Over the turns, I’ve come to care about this kid. I don’t want him to go out in a blaze of glory. His gift could kill him if he doesn’t manage it, and I fight the impulse to lecture him. But then, he’s not a child anymore. This life has seen to that.

“It’s not right,” he chokes out. “Those people, they never saw it coming. You should have a chance, you know? You should be able to fight.”

And what the hell do I say to that? Because he’s right. The shine to his eyes makes mine worse, and I open my arms, because I’m here, and he could use a hug. I figure he might tell me to frag off because he doesn’t want to look soft in front of his buddies. Instead, he takes a couple of steps toward me and hugs me hard, digging his face into my shoulder. Sasha pats my back and makes comforting noises, like he’s doing this for me. I don’t dispute it because maybe he is. Maybe I do need him.

I can’t see for Sasha’s shoulder; he’s taller than I am. But I hear other soldiers fighting back their own tears. This is so fragging hard because we don’t know who to mark MIA. There are no records. No names on a list. I wish there were.

A few minutes later, Sasha asks, “Are you feeling better?”

“Yeah. Thanks.”

When I step back, he’s got his grief under control. So do I. March watches with his customary stoicism. He’s lost men before, sometimes his whole company. Now I understand on a visceral level why he hates Nicuan nobles, and I admire him all the more because he put aside that loathing to do what was best for Sasha.

“What’s the plan?” I ask.

We’ve been camped here, outside the city, waiting for word, but Loras plays his cards close to the vest. When he hears whatever he needs to, then we move. And then maybe he’ll confide his strategy.

“Let’s eat and get some sleep,” Farah says.

“Excellent,” Hammond mutters. “More paste.”

Angrily, his squad-mates remind him he has nothing to bitch about, especially compared to those who were inside the base. That does shut him up, and he subsides into a low simmer while we all suck down packets of tasteless goo. But it’ll keep us alive until something better comes along.

Who knows how long that will be?

Warmth in my head signals March’s arrival. I glance at him sitting quietly beside me. You all right?

I nod. We have to retaliate, don’t we?

Sooner or later. There’s no way to win this without proving the resistance is willing to do whatever it takes.

That includes merciless slaughter. It’s not a question.

It does. Nicuan has never been known for its compassion or restraint. Their vendettas are legendary.

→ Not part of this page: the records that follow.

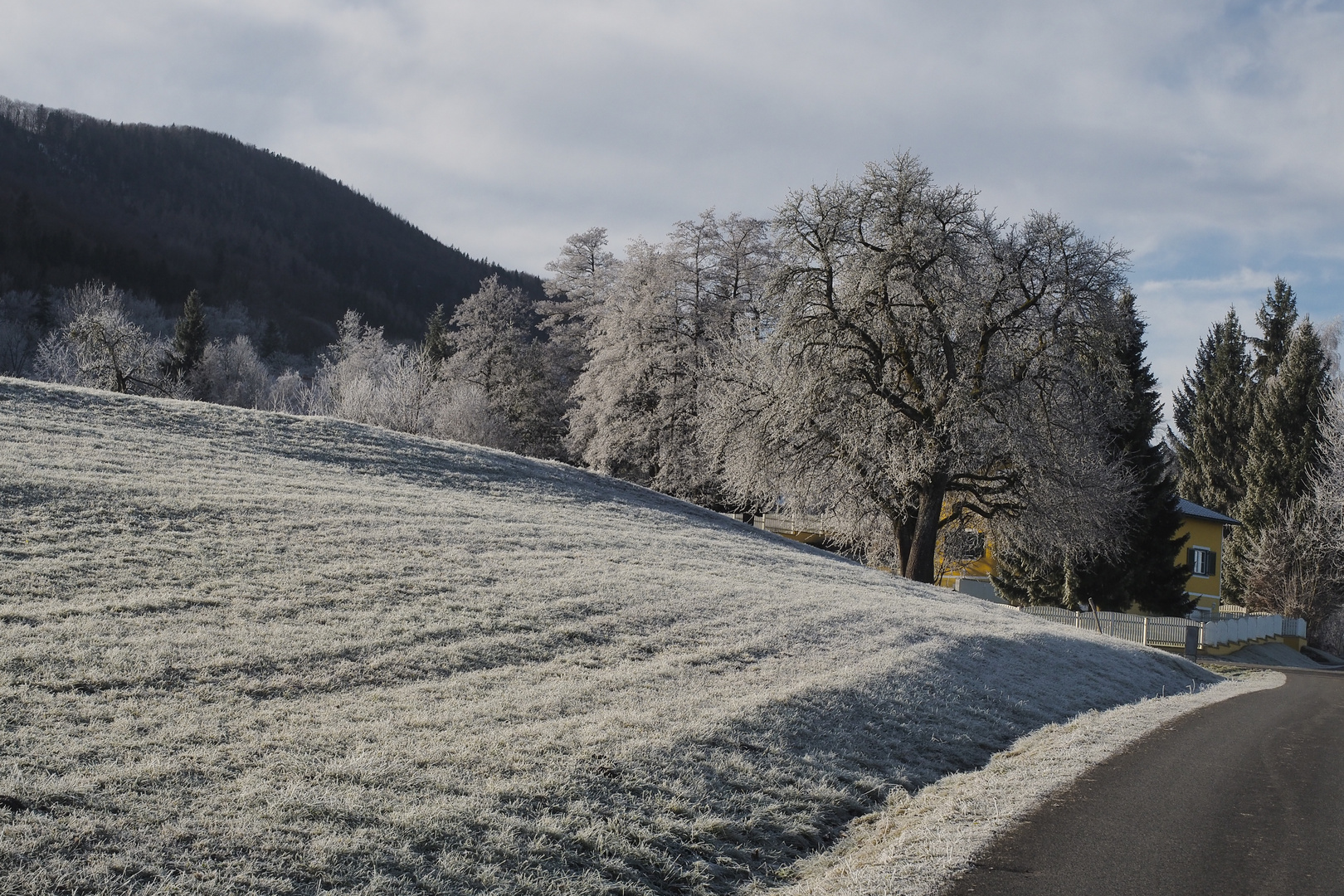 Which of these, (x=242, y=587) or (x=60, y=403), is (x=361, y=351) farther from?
(x=242, y=587)

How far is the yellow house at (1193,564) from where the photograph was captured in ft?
134

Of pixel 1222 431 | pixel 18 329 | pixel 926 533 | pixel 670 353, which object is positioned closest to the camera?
pixel 926 533

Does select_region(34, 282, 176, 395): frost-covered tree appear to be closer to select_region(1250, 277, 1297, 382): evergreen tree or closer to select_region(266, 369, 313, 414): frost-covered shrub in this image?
select_region(266, 369, 313, 414): frost-covered shrub

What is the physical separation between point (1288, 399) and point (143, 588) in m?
60.4

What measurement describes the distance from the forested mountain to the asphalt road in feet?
A: 480

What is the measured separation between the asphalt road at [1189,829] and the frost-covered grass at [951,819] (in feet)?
0.62

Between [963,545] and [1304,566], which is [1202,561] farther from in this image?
[963,545]

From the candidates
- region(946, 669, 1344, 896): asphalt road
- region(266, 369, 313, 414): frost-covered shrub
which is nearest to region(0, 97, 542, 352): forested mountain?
region(266, 369, 313, 414): frost-covered shrub

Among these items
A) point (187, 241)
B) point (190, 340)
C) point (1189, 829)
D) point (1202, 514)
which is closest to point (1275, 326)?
point (1202, 514)

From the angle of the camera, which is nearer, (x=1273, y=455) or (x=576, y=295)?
(x=1273, y=455)

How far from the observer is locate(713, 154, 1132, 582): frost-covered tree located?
24.8m

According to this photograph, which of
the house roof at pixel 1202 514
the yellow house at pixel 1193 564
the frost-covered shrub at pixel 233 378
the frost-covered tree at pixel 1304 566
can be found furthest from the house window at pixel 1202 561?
the frost-covered shrub at pixel 233 378

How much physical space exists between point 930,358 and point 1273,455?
38548mm

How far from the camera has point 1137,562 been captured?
34938 millimetres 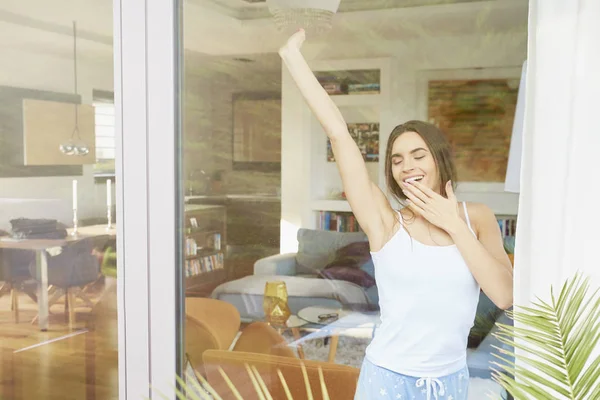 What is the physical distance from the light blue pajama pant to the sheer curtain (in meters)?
0.33

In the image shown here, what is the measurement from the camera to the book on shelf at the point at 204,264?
7.78 feet

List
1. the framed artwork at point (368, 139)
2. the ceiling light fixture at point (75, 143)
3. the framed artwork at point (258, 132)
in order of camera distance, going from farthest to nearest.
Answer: the framed artwork at point (258, 132) < the ceiling light fixture at point (75, 143) < the framed artwork at point (368, 139)

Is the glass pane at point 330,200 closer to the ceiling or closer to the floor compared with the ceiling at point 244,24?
closer to the floor

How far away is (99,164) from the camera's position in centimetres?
250

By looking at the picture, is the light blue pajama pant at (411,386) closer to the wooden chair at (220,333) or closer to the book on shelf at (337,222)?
the wooden chair at (220,333)

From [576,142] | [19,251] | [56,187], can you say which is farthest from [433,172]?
[19,251]

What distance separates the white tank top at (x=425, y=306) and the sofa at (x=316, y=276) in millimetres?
408

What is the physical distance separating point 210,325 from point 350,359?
518 millimetres

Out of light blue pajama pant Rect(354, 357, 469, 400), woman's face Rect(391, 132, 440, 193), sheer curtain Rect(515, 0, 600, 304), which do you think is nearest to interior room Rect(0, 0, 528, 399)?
woman's face Rect(391, 132, 440, 193)

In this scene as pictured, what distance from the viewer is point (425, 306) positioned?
183 centimetres

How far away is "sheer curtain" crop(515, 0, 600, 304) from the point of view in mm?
1591

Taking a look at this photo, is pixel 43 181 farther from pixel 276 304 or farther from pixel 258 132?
pixel 276 304

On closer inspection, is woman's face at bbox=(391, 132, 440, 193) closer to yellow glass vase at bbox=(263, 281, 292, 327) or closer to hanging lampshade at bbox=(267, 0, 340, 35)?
hanging lampshade at bbox=(267, 0, 340, 35)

I’ll kill your family, friends, and anybody who ever had kaf with you?

Pretty much.

Dull pain throbs behind my ears. I hate this. We were just starting to get to a place where they had to take us seriously. Now the cities will be buzzing with how the centurions are kicking resistance ass.

March lifts a shoulder. It’s all propaganda, love. This isn’t a permanent victory. It’s a setback.

A setback, he calls it. This is fragging catastrophic. Now we have no way to coordinate troop movements, no central intelligence. The best we can do is pass messages on the short-range bounce and hope they reach the intended parties. This is a crippling blow.

Do you even care that Constance is gone? I’m sorry as soon as I think it. I expect him to withdraw from the sharpness of it, but he doesn’t.

I do. She was special. We wouldn’t have survived the Morgut War without her.

Yeah. People would think it’s weird to mourn an AI, wouldn’t they?

He brushes a gentle hand across my hair. Who gives a shit what people think?